Sugar Prices Surge on Reduced Global Production Estimates

Sugar prices have surged significantly due to lower production estimates in Brazil and India, with May New York sugar and London ICE white sugar experiencing notable increases. Factors influencing this rise include unfavorable crop conditions, production predictions, and exchange rates affecting export decisions. The ongoing reduction in global production forecasts by authoritative organizations signals potential market tightness ahead.
Sugar prices have significantly surged due to reduced production estimates in major producing countries such as Brazil and India. On Monday, the May New York world sugar 11 (SBK25) marked an increase of 4.06% while the May London ICE white sugar 5 (SWK25) rose by 4.30%. This upward trend followed reports indicating diminished global sugar production, particularly highlighted by Unica’s report showing Brazil’s output declined by 5.6% year-on-year.
Additionally, the Indian Sugar and Bio-energy Manufacturers Association revised its forecast for India’s sugar production for 2024/25 downward, projecting 26.4 million metric tons (MMT) instead of the previously estimated 27.27 MMT, primarily due to decreased cane yields. The favorable exchange rate for the Brazilian real against the dollar further stimulated sugar prices by discouraging exports from Brazil, thus reducing availability in the global market.

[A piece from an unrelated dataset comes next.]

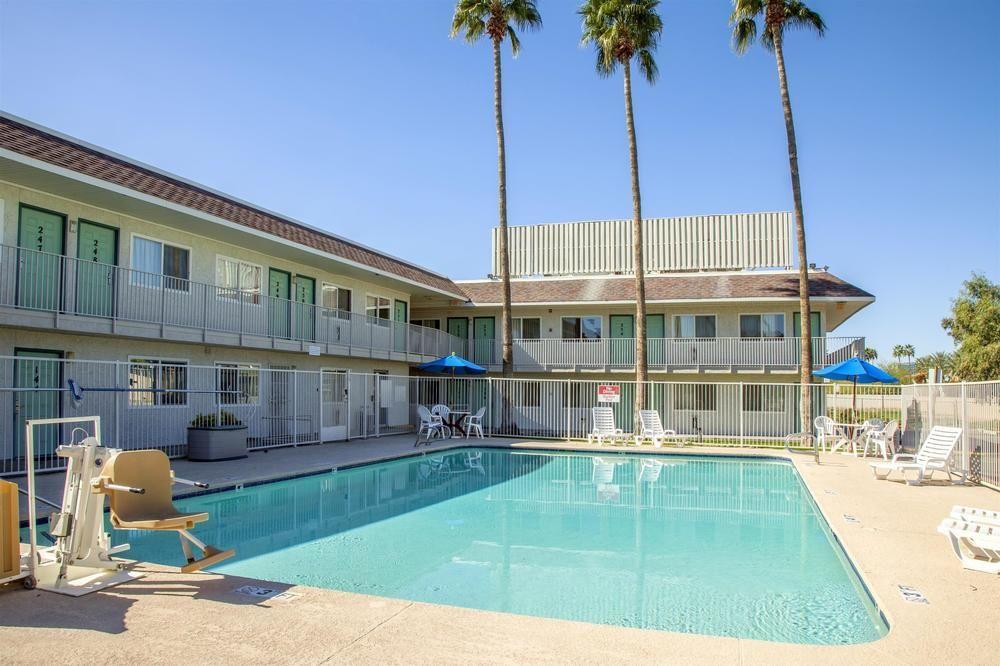 Motel 6 Mesa North Экстерьер фото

The International Sugar Organization (ISO) has also contributed to concerns with its updated forecast signaling a greater global sugar deficit of -4.88 MMT for 2024/25, increasing from a prior estimate. This shift reflects a constricted market compared to the previous surplus recorded in 2023/24. Furthermore, the ISO reduced its total sugar production forecast to 175.5 MMT, down from 179.1 MMT.
In contrast to these bearish prospects, Datagro indicated potential increases in Brazil’s sugar production of 42.4 MMT for 2025/26, citing a 6% year-on-year growth. Sugar trader Czarnikow also forecasted record production levels of 43.6 MMT in Brazil due to rising profitability in sugar production over ethanol.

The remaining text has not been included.